== GIVEN DATA ==

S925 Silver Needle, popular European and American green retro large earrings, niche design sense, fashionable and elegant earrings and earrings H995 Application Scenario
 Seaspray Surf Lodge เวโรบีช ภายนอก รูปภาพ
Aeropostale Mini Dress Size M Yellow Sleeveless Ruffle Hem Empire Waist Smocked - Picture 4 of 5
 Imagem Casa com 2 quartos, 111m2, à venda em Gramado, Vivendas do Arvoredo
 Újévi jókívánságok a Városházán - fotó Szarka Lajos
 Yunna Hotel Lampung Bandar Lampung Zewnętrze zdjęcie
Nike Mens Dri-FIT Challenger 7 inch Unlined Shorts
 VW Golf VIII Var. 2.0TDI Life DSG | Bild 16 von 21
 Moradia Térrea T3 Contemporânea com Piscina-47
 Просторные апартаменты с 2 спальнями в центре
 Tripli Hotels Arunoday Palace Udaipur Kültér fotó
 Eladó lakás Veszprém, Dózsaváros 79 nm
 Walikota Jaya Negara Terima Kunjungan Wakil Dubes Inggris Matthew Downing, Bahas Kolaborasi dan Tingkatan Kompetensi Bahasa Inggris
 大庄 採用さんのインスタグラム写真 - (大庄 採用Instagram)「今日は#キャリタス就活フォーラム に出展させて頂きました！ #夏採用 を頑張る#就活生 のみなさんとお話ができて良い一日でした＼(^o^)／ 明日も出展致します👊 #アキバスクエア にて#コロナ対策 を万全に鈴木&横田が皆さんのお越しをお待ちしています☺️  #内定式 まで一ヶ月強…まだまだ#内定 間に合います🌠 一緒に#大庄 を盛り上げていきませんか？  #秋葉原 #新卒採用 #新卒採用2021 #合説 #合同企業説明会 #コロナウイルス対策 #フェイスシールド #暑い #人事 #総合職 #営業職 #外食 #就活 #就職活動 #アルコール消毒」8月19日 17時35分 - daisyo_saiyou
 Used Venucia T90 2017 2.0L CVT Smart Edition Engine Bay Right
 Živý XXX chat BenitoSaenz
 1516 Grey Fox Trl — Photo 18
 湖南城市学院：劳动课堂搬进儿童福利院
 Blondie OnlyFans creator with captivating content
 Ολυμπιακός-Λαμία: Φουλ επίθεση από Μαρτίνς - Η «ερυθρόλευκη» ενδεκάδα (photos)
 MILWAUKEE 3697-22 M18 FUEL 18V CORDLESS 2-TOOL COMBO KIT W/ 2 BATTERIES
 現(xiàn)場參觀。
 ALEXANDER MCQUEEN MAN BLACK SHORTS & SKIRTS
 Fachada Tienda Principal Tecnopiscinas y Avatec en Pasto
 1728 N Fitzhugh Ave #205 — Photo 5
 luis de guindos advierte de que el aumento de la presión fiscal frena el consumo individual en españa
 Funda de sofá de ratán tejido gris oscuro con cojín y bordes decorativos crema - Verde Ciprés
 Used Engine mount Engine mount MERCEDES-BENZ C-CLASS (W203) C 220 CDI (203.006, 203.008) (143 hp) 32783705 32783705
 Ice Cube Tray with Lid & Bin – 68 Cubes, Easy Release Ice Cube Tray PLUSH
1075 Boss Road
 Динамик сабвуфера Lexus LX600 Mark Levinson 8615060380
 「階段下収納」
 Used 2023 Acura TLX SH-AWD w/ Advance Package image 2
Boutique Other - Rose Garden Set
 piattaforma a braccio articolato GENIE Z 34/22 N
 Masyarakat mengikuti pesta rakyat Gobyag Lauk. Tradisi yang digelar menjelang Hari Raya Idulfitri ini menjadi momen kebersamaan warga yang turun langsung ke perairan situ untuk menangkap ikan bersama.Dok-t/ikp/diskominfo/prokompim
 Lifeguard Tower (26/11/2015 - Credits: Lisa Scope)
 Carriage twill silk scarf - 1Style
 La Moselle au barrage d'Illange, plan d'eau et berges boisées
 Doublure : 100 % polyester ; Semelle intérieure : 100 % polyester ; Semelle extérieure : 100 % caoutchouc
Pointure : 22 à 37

===

» TASK DESCRIPTION:
Scan the material and collect every line that contains "with".

» ANSWER:
 Blondie OnlyFans creator with captivating content
 Ice Cube Tray with Lid & Bin – 68 Cubes, Easy Release Ice Cube Tray PLUSH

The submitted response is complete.